Fracking Boom a Ponzi-Inflated Bubble About To Pop? Rolling Stone Sure Thinks So.
Is the United States the "Saudi Arabia of natural gas," as President Barack Obama has said? Or has the energy industry used fuzzy math to hype its estimated reserves to entice buyouts and Wall Street investment? Tough to say for sure, but last month the U.S. Energy Information Administration scaled down its estimate of shale gas reserves ... by half. That's huge. And its implications for this industry could be seismic.
Not that they aren't already in a tight spot. The frackers did a magnificent job of cracking the Barnett Shale. They've been ruthlessly efficient in extracting the gas. And that, dear readers, is their biggest problem. They glutted the market. Now the market price makes it almost pointless. Gas production in the Barnett, apparently, is at an all-time high. But the number of rigs punching new holes in North Texas' hide has dropped. Instead, they're working the liquid-rich shale plays while the price of oil is good.
The falling price of natural gas has exposed some systemic weaknesses.
That is, in part, the subject of a Rolling Stone piece centered around shale cheerleader Aubrey McClendon and his industry juggernaut Chesapeake Energy. As almost anyone with land on the Barnett Shale knows, his company came in hot and heavy during the early days of the shale boom, snapping up vast tracts before too many of its competitors wised up.

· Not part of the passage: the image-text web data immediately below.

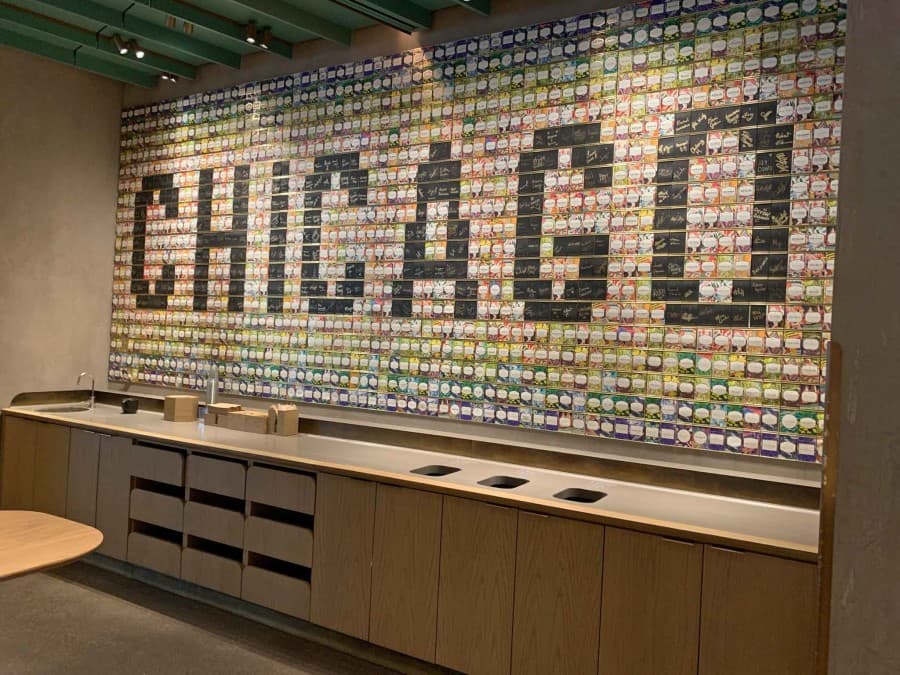 chicago-michigan-avenue-art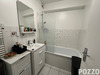 Ma-Cabane - Vente Appartement CHERBOURG-OCTEVILLE, 35 m²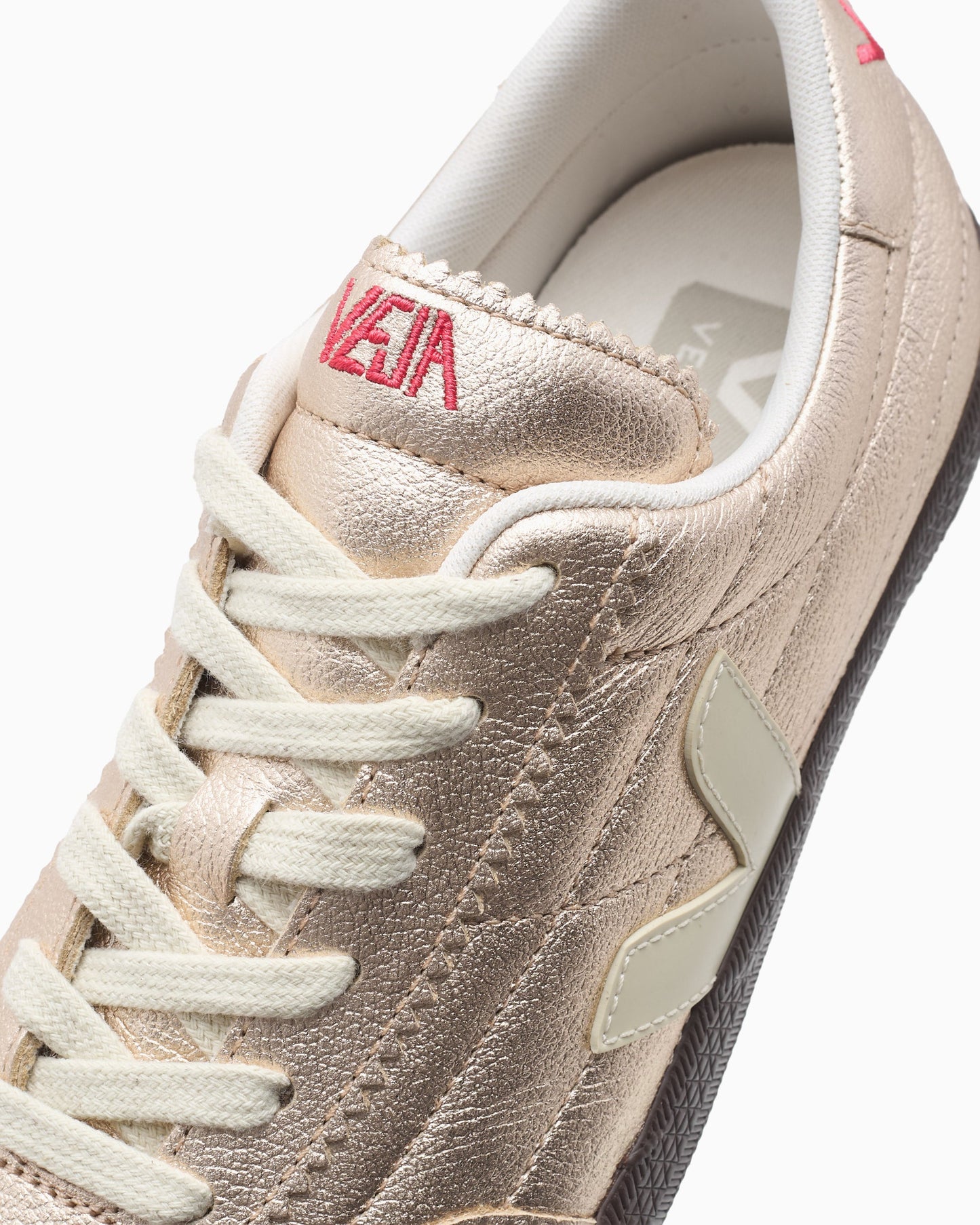 Veja Women's Panenka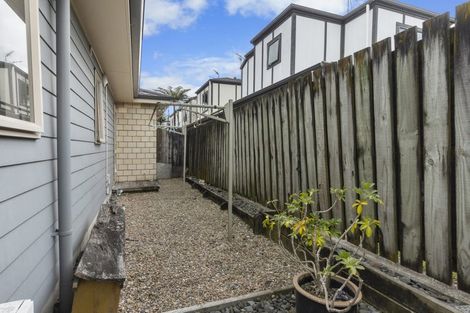 Photo of property in 2 Gary John Lane, Frankton, Hamilton, 3204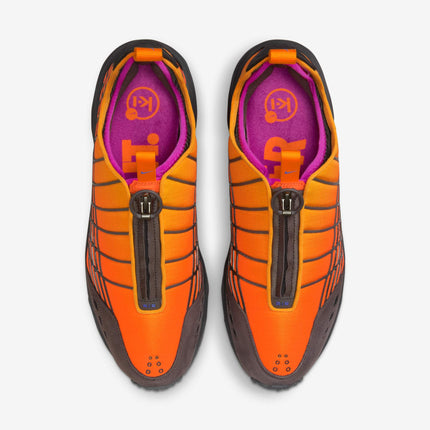 Nike Air Max Sunder SP x Kids of Immigrants 'Sunrise' (2024) | SOLE SERIOUSS [4]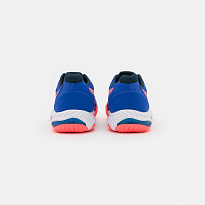 Фото № 3 с приближением к товару «‎Asics Netburner Ballistic»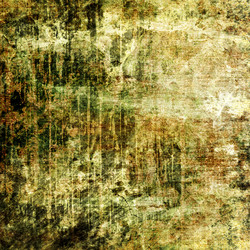 Similar image 7889778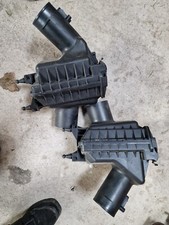 Nissan Gtr R35 Skyline Air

The shale play heralded the democratization of the oil field. Shale rock is fairly evenly distributed, so companies relied less on geologists to pinpoint reserves. Instead, they launched blitzkrieg, Wall Street-fueled land-grabs. "Chesapeake was the first gas-exploration company to issue high-yield junk bonds, which gave it a steady cash flow to pay for leasing and drilling," writes RS's Jeff Goodell.
Chesapeake made its real money not by pumping natural gas, but buy flipping leases to bigger outfits at outlandish premiums. The model made him one of Fortune 500's highest-paid execs. But it came with a price: To feed the machine, Chesapeake had to acquire more and more land, and that land had to produce. Before long, it became the biggest leaseholder in America. But if it didn't drill that land in three years, Chesapeake had to forfeit it. So the company drilled and drilled, taking on vast amounts of debt, glutting the market and driving down the price of natural gas in the process.
Certainly here in the Barnett Shale, but now in Pennsylvania and New York State, Chesapeake also encountered more obstacles. As fracking moved out of the expansive pastures and into close-quarter cities, the industry ran face-first into tougher city-by-city ordinances regarding spacing from houses and schools, effectively shrinking the amount of acreage they could frack (Or, in cases like Southlake, the subject of a November cover story, stopping them from doing it entirely). Coupled with low gas prices, it made whole swaths of the shale uneconomic to produce. Ultimately, for these reasons, McClendon's model is unsustainable. Goodell quotes Texas energy consultant Arthur Berman as say, "In fact, when you look at the level of debt some of these companies are carrying, and the questionable value of their gas reserves, there is a lot in common with the subprime mortgage market just before it melted down."
IMoody's Investors Service recently downgraded Chesapeake's $11 billion in debt it used to finance its leasing and drilling binge. In apparent distress, the company put its Permian oil fields in West Texas on the auction block last month. In January, Chesapeake announced it was shifting its rigs from shale gas plays to oil-rich fields. It's even selling future oil and gas production on a field in the Texas Panhandle for cash.
If none of Chesapeake's gambits pan out -- and the price of natural gas doesn't rise from its $2.50 per mmBTU depths -- as Rolling Stone points out, it won't just be their stockholders left holding the bag. Chesapeake and companies like it could face the mineral equivalent of a margin call. And shale gas's promise as a game-changing bridge fuel may turn out to be as vaporous as vented methane.